Simplex valence-bond crystal in the spin-1 kagome Heisenberg antiferromagnet

TL;DR

This paper uses tensor-network methods to identify a gapped simplex valence-bond crystal ground state with spontaneous symmetry breaking in the spin-1 kagome Heisenberg antiferromagnet, revealing trimerization and short-range correlations.

Contribution

The study introduces tensor-network calculations directly in the thermodynamic limit to characterize the SVBC ground state and implements non-abelian symmetries for improved efficiency and insight.

Findings

Ground state is a simplex valence-bond crystal (SVBC).

Exponential decay of correlations indicates a gapped phase.

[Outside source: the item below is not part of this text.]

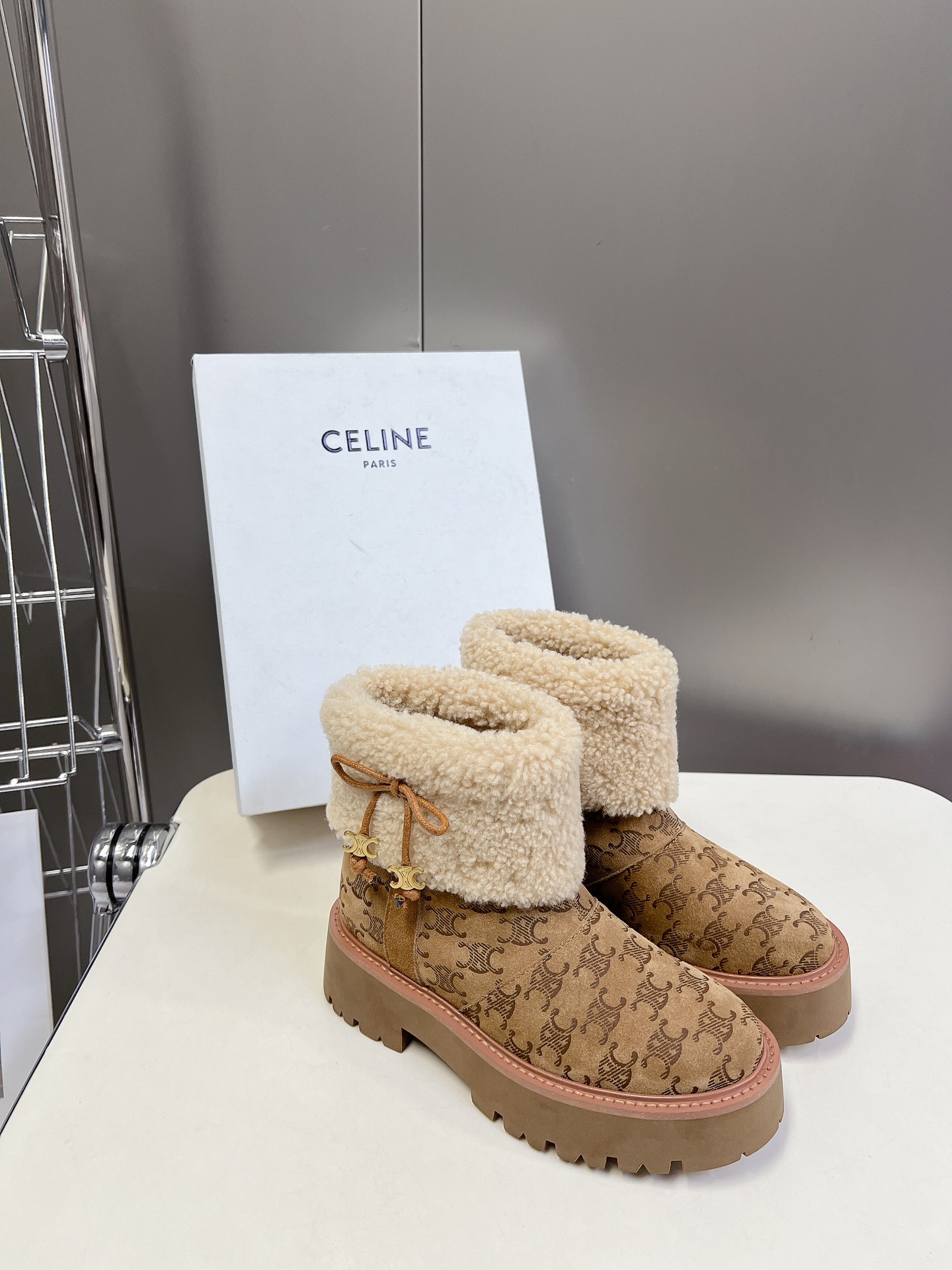 Bagsaaa Ce1i*e Bulky Cropped Triomphe Boot In Suede Stamped Calfskin And Shearling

Spontaneous symmetry breaking with trimerization observed.

Abstract

We investigate the ground state properties of a spin-1 kagome antiferromagnetic Heisenberg model using tensor-network (TN) methods. We obtain the energy per site {$e_0=-1.41090(2)$ with $D^*=8$ multiplets retained (i.e., a bond dimension of $D=24$), and $e_0=-1.4116(4)$ from large-$D$ extrapolation,} by accurate TN calculations directly in the thermodynamic limit. The symmetry between the two kinds of triangles is spontaneously broken, with a relative energy difference of $\delta \approx$ 19\%, i.e, there is a trimerization (simplex) valence-bond order in the ground state. The spin-spin, dimer-dimer, and chirality-chirality correlation functions are found to decay exponentially with a rather short correlation length, showing that the ground state is gapped. We thus identify the ground state be a simplex valence-bond crystal (SVBC). We also discuss the spin-1 bilinear-biquadratic Heisenberg model on a kagome lattice, and determine its ground state phase diagram. Moreover, we implement non-abelian symmetries, here spin SU(2), in the TN algorithm, which improves the efficiency greatly and provides insight into the tensor structures.